Astronauts may need to reconsider having salads in space


Lettuce grown on International Space Station is popular among astronauts but researchers think it’s not healthy

Astronauts add water and nutrients to plants in the Veggie hardware on board the International Space Station. —  Nasa

Space lettuce has been popular on the International Space Station (ISS), with astronauts enjoying the leafy greens in a space garden called Veggie and even chewing on a patch of red leaf lettuce that they grow themselves.

However, scientists have discovered that lettuce grown in a simulated microgravity environment on Earth is more susceptible to infections like E coli or Salmonella than lettuce grown in space and may not be as safe for astronauts.

A paper recently published in Scientific Reports revealed that a group of researchers grew plants in a device called a clinostat, which rotated them like a rotisserie chicken so that they would lose their sense of directionality, Gizmodo reported.

“In effect, the plant would not know which way was up or down,” Noah Totsline, the lead author of the new paper, said in a statement. “We were kind of confusing their response to gravity.”

Plants have gravity-sensing cells that cause their roots to grow downwards, while the plant shoots upwards. However, in microgravity environments, the plant’s natural defence against stressors is less effective.

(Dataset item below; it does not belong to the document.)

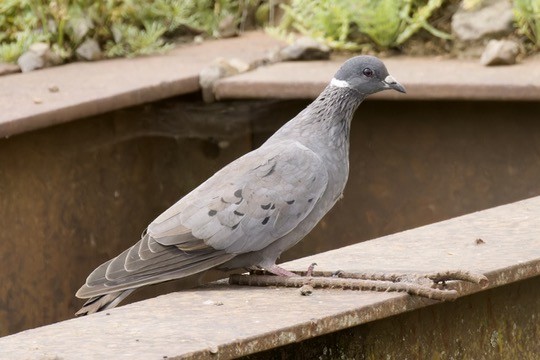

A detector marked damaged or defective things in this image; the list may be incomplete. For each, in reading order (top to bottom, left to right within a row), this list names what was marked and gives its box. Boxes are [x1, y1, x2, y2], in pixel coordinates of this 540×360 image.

rusty metal ledge [1, 197, 540, 360]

Stomata, tiny pores in leaves and stems, help breathe and close when they sense stressors like bacteria. During their carnival ride on the clinostat, plants became disoriented and opened up their pores in the presence of bacteria, according to the research.

“The fact that they were remaining open when we were presenting them with what would appear to be a stress was really unexpected,” Totsline said.

From the experiment, the researchers concluded that bacteria like Salmonella can invade leaf tissue more easily in simulated microgravity conditions, like the one on the ISS.

A 2020 study on the first lettuce crop grown on the ISS between 2014 and 2016 revealed that while lettuce had the same nutrient content as Earth’s variety, it exhibited higher levels of bacteria.

Despite efforts to mitigate microgravity, the ISS’s closed-air environment with astronauts living in its headquarters may expose plants to pathogens, potentially affecting the Veggie system, which is a nutritious food source for future missions to the Moon or Mars.

Researchers are proposing to modify the genetics of space lettuce to prevent wider stomata opening in space, thereby reducing the risk of bacterial infections for astronauts consuming the greens.

They are currently testing various lettuce varieties in a simulated microgravity environment.